When the packet reaches its destination, the payload will be removed from
the IP packet and passed on to the protocol specified in the nex header
field.
The discussion above identified the purpose of the fields that are
included in the IPv6 packet. Comparing the IPv6 packet format in
Figure 4.7-1 with the IPv4 packet format that we saw earlier in Figure
4.4-8, we notice that several fields appearing in the IPv4 packet are no
longer present in the IPv6 packet:
-
Fragmentation/Reassembly. IPv6 does not provide for fragmentation
and reassembly. If an IPv6 packet received by a router is too large
to be forwarded over the outgoing link, the router simply drops the packet
and sends a "Packet Too Big" ICMP error message (see below)
back to the sender. The sender can then resend the data, using a smaller
IP packet size. Fragmentation and reassembly is a time-consuming
operating; removing this functionality from the routers and placing it
squarely in the end systems considerably speeds up IP forwarding
within the network.
-
Checksum. Because the transport layer (e.g, TCP and UDP) and data
link (e.g., Ethernet) protocols in the Internet layers perform checksumming,
the designers of IP probably felt that this functionality was sufficiently
redundant in the network layer that it could be removed. Once again,
fast processing of IP packets was a central concern. Recall from
our discussion of IPv4 in section 4.4.1, that since the IPv4 header contains
a TTL field (similar to the hop limit field in IPv6), the IPv4 header checksum
needed to be recomputed at every router. As with fragmentation and
reassembly, this too was a costly operation in IPv4.
-
Options. An options field is no longer a part of the standard IP
header. However, it has not gone away. Instead, the options field
is one of the possible "next headers" pointed to from within the IPv6 header.
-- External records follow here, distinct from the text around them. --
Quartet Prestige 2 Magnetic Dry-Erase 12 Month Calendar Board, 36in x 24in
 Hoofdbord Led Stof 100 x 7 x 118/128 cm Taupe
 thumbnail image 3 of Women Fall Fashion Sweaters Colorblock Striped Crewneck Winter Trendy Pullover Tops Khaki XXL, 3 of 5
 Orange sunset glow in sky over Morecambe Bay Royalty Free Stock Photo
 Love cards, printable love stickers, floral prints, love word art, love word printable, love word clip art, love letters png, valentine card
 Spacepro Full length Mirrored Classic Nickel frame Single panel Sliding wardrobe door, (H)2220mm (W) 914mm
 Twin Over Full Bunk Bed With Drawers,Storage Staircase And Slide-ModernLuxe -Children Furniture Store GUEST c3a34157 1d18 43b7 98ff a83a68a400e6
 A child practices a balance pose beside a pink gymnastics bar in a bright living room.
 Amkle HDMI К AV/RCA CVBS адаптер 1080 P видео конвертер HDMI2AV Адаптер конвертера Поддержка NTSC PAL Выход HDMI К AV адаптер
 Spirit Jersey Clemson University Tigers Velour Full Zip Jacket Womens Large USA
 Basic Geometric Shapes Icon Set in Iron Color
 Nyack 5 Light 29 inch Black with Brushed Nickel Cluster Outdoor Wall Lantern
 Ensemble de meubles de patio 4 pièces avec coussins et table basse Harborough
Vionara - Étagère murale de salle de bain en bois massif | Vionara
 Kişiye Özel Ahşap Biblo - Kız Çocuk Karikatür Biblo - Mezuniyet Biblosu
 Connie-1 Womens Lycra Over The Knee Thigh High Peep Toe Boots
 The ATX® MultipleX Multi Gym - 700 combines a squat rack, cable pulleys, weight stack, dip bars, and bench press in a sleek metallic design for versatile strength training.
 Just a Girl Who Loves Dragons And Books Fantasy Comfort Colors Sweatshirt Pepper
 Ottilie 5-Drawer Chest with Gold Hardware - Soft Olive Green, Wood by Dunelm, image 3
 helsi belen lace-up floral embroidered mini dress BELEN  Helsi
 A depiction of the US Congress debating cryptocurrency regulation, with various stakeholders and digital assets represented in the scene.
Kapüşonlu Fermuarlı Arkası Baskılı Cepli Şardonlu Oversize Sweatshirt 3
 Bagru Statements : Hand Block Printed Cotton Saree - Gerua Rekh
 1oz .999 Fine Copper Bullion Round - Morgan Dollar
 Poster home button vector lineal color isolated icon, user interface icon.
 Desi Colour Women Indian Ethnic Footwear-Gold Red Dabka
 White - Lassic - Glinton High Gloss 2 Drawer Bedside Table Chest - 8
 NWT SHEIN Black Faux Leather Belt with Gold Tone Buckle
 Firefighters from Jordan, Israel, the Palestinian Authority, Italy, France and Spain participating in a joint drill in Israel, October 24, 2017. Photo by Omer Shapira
That is, just as TCP or UDP protocol headers can be the next header within
an IP packet, so too can an options field. The removal of the options filed
results in a fixed length, 40 byte IP header.
A New ICMP for IPv6
Recall from our discussion in Section 4.3, that the ICMP protocol is used
by IP nodes to report error conditions and provide limited information
(e.g., the echo reply to a ping message) to an end system.
A new version of ICMP has been defined for IPv6 in [RFC
1885]. In addition to reorganizing the existing ICMP type and
code definitions, ICMPv6 also added new types and codes required by the
new IPv6 functionality. These include the "Packet Too Big" type,
and an "unrecognized IPv6 options" error code. In addition, ICMPv6
subsumes the functionality of the Internet Group Management Protocol (IGMP)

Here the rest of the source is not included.